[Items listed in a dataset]
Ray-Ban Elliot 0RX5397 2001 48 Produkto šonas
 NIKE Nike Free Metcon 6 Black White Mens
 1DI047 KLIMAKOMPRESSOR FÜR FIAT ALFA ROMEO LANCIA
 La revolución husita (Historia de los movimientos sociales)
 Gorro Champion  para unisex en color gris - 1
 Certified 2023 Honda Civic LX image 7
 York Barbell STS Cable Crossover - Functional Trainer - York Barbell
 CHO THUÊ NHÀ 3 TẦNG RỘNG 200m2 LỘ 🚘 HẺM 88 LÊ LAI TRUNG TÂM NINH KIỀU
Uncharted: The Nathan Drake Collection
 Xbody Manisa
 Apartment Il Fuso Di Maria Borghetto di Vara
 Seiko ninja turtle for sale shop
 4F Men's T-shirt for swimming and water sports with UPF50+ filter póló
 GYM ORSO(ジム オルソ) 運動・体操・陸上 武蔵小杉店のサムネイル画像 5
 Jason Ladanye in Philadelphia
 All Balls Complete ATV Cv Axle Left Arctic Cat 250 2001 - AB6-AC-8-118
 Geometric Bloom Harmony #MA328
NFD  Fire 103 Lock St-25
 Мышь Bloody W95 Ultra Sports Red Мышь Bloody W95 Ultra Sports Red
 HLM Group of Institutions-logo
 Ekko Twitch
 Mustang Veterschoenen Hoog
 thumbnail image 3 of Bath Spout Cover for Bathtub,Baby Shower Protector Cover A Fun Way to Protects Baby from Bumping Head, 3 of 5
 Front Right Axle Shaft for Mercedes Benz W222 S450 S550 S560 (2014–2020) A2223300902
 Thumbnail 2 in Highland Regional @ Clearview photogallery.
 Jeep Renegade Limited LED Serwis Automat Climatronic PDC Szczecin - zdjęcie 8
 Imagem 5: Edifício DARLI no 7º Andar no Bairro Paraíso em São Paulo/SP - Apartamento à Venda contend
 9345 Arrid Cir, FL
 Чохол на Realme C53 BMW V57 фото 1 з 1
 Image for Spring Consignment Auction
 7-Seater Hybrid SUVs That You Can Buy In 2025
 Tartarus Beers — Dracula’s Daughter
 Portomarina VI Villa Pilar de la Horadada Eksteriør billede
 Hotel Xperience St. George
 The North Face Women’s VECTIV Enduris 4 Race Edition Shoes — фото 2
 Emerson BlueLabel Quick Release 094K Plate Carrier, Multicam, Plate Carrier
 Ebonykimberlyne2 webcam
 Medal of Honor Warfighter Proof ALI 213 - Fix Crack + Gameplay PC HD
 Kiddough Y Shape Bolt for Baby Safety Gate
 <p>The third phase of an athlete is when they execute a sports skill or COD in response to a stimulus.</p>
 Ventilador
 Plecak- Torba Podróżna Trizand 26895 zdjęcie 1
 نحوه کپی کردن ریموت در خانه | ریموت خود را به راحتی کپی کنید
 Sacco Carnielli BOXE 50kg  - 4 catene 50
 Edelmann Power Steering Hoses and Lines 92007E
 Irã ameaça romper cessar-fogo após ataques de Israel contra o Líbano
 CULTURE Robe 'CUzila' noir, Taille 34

What you will do →
Each line in the data that holds the string "Axle" should be found and copied.

Answer box →
 All Balls Complete ATV Cv Axle Left Arctic Cat 250 2001 - AB6-AC-8-118
 Front Right Axle Shaft for Mercedes Benz W222 S450 S550 S560 (2014–2020) A2223300902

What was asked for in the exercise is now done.